Data Quality and Academic Trust

Glintstone's data model is designed around a core principle: every claim about a cuneiform text -- its reading, lemmatization, translation, or identification -- should be traceable to the scholar, tool, or import process that produced it. This document describes how the schema enforces provenance, supports competing interpretations, and validates data integrity.


Provenance Architecture

annotation_runs: The Trust Backbone

Every record in the database carries an annotation_run_id foreign key linking it to an annotation_runs record. This single mechanism handles all provenance:

Field Purpose
source_type human, model, hybrid, or import
source_name Provider attribution string (e.g., "ORACC/dcclt", "BabyLemmatizer v2.2", "CDLI - cdli.earth")
scholar_id FK to scholars table (NULL for ML/import runs)
method How the annotation was produced: hand_copy, photograph, collation, autopsy, RTI, 3D_scan, ML_model, import
publication_id Structured link to the publication where this annotation appeared
created_at When the annotation was recorded

This design means a single JOIN from any data row to annotation_runs answers: who said this, when, how, and where was it published?

Provider Attribution

Each data source has a canonical attribution string stored in annotation_runs.source_name. These strings must appear in the UI when displaying source-specific data:

  • CDLI - cdli.earth
  • ORACC/{project_name} (e.g., ORACC/dcclt, ORACC/saao)
  • eBL - Electronic Babylonian Literature
  • CompVis
  • OpenAlex
  • KeiBi - Keilschriftbibliographie

Verification: verify_provider_attribution.py checks that no records exist without a valid annotation_run_id and that all provider strings match the canonical list.

Scholar Records

The scholars table tracks individual contributors with:

  • Normalized name (diacritics handled, particles like "von" and "de" standardized)
  • ORCID persistent identifier (backfilled from OpenAlex where available)
  • Expertise metadata: period specializations, language competencies
  • Active-since year (from Who's Who in Cuneiform Studies)

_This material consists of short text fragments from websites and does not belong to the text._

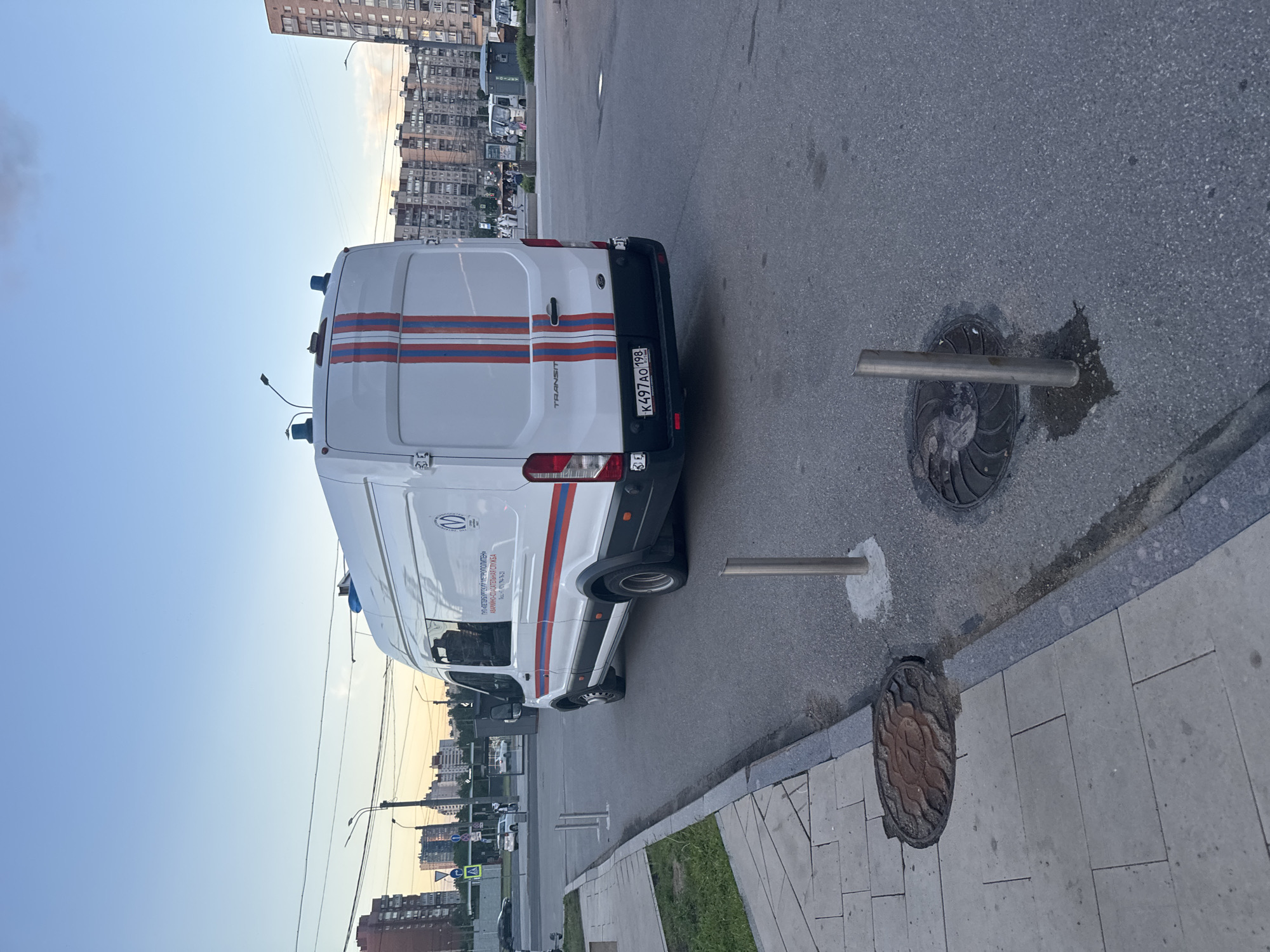 A white Ford Transit van with red and blue stripes on the rear doors is parked on a paved surface in Saint Petersburg, Russia. The van has "TRANSIT" written on the rear and a Russian license plate K497AO 198. On the side of the van, text reads "ГУП «ПЕТЕРБУРГСКИЙ МЕТРОПОЛИТЕН» АВАРИЙНО-ДИСПЕТЧЕРСКАЯ СЛУЖБА". There are two blue lights on the roof of the van. The van is parked next to a sidewalk with a manhole cover and a metal bollard. In the background, there are apartment buildings and several other white vans or minibuses. The sky is a pale blue with some clouds, suggesting it is either early morning or late evening. The scene appears to be a street or parking lot in an urban environment.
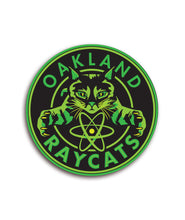 Green and black circular sticker centering a cat with the phrase "Oakland Raycats" around it - by 99% Invisible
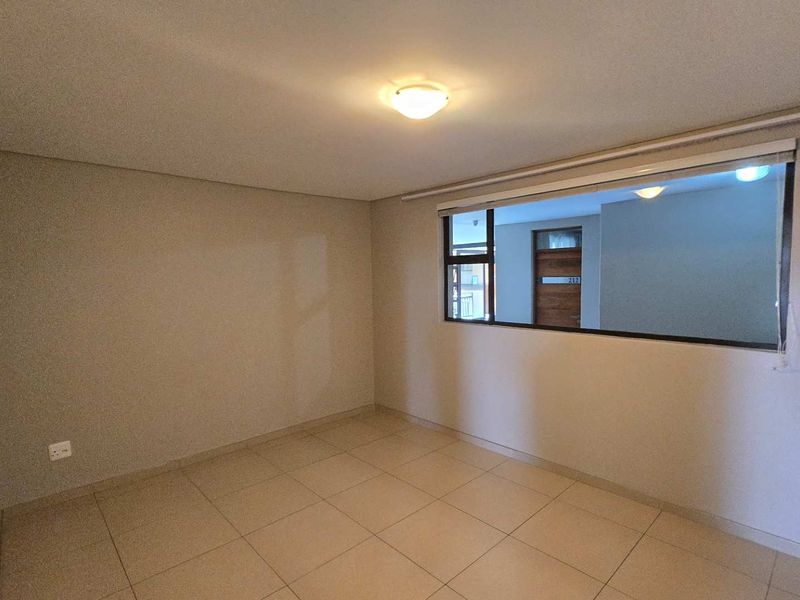 A clean, empty bedroom featuring neutral tiled flooring, a ceiling light fixture, and an internal window looking out toward the apartment entrance.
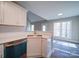 Kitchen with corner sink and view into dining area at 248 Pioneer Dr # 990, Mount Gilead, NC 27306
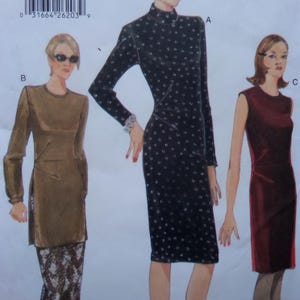 May include: A sewing pattern featuring three dress designs. One dress is black with white polka dots, another is a long-sleeved brown tunic, and the third is a sleeveless burgundy dress. The pattern includes a UPC code at the top.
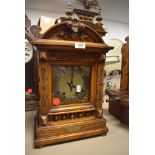 A 19th Century German carved mantel clock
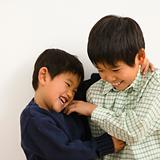 Asian brothers playing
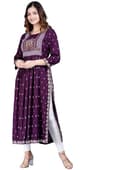 Woman wearing a maroon party wear ethnic kurta style by Nishtha Chadda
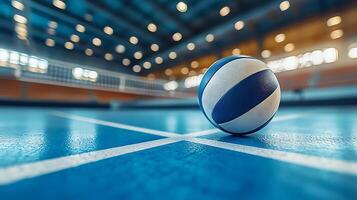 A detailed close up of a volleyball on a bright blue court. The background shows a blurred sports arena with warm lights. photo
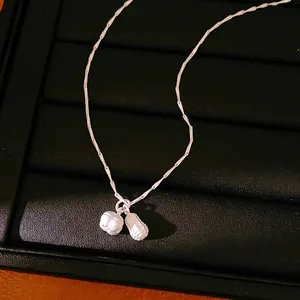 Elegant silver peanut and pod pendant necklace with minimalist bamboo chain for women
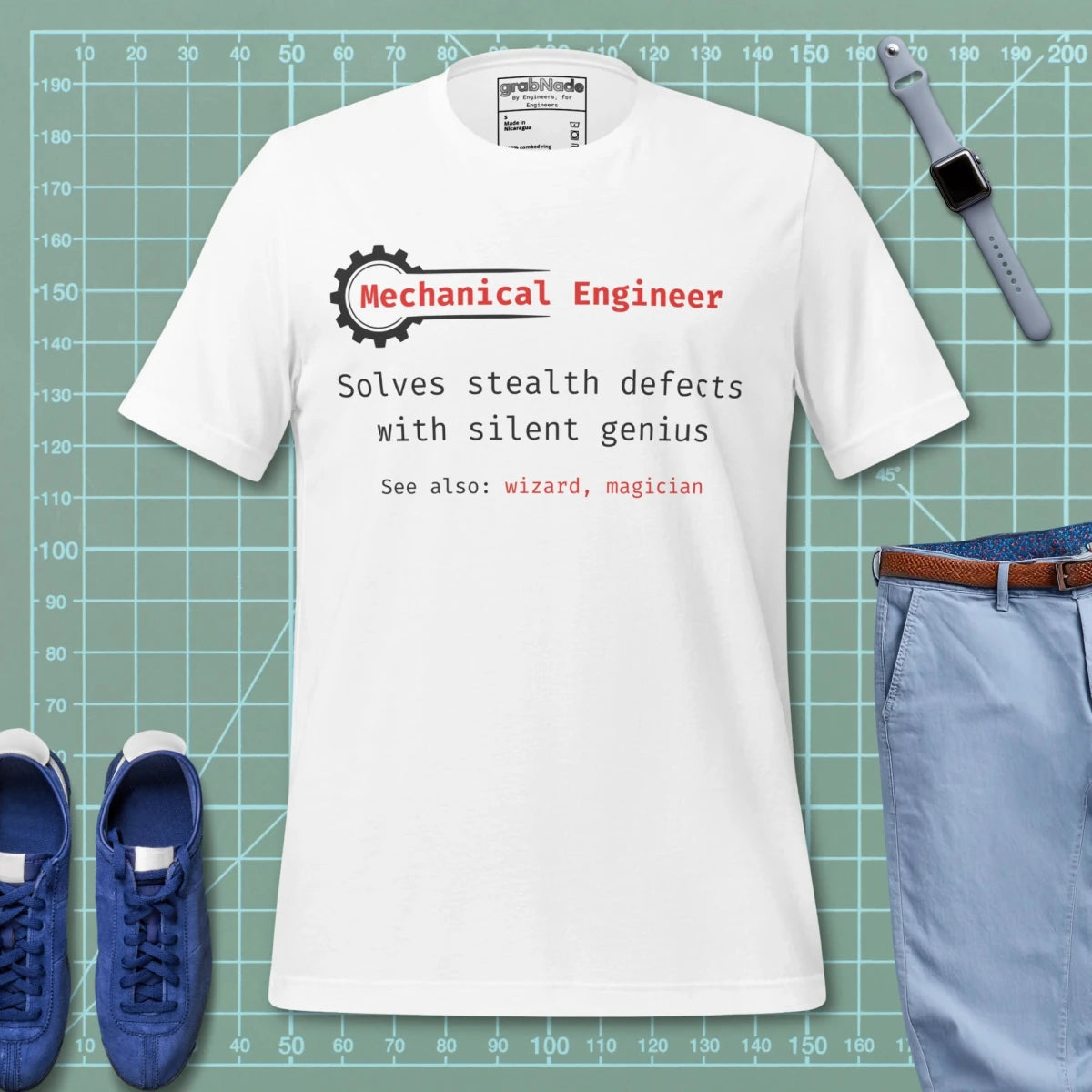 White t-shirt with "Mechanical Engineer. Solves stealth defects... See also: wizard" definition.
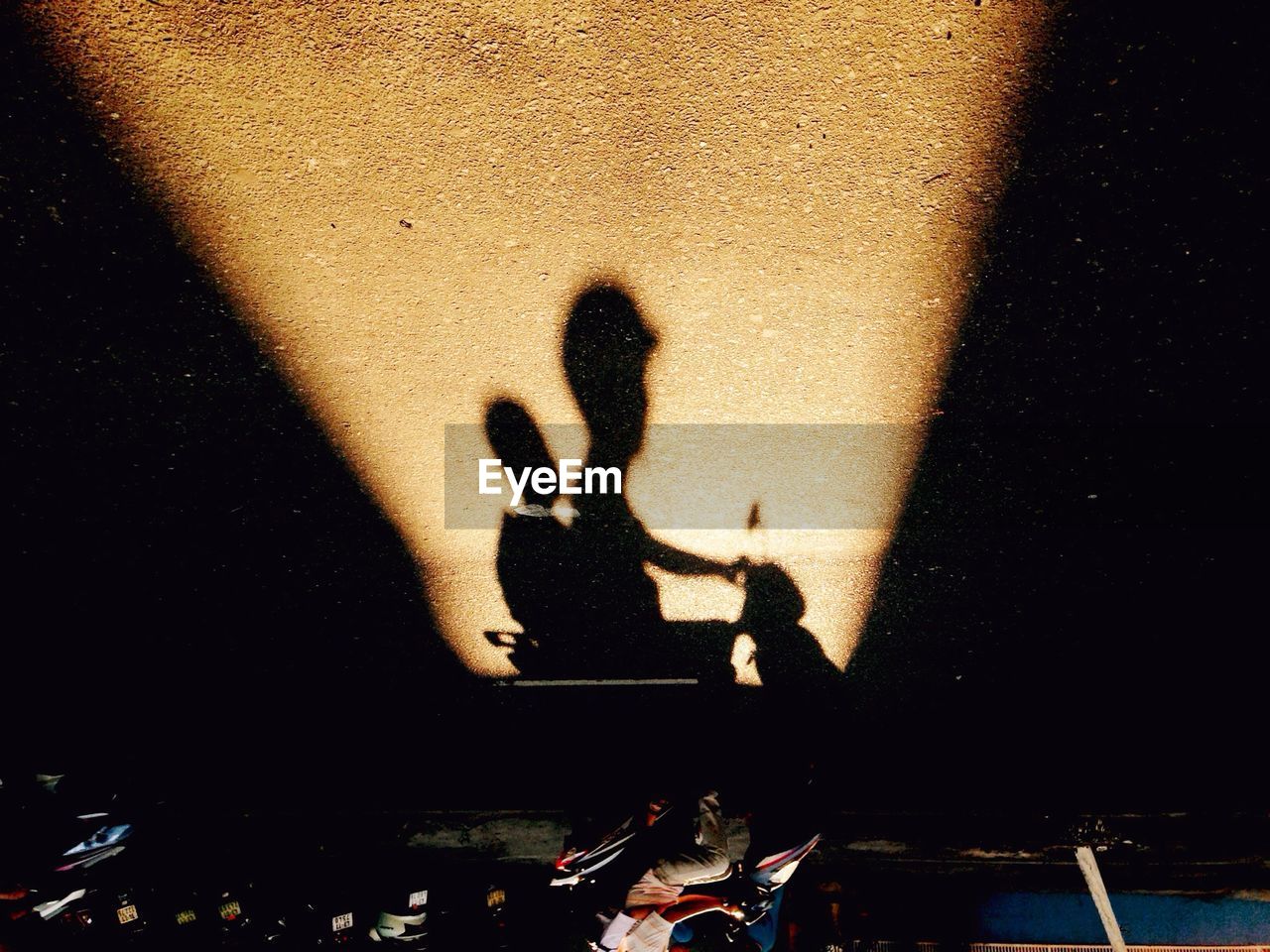 Shadow of people riding motor scooter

Name deduplication uses cascading match: ORCID exact > surname+initials normalized > full name fuzzy. Ambiguous matches are flagged for manual review.


Competing Interpretations

A single token position on a tablet may have multiple valid readings or lemmatizations proposed by different scholars or tools. The schema preserves all of them.

Token Readings (Reading Layer)

token_readings stores multiple transliterations for the same token_id:

Token P000001, line 3, position 5:
  Reading A: form="du₃"    source=ORACC/dcclt    confidence=0.95  is_consensus=1
  Reading B: form="KAK"    source=BabyLemmatizer  confidence=0.72  is_consensus=0

The is_consensus flag marks the editorially chosen or highest-confidence reading. At most one reading per token carries this flag.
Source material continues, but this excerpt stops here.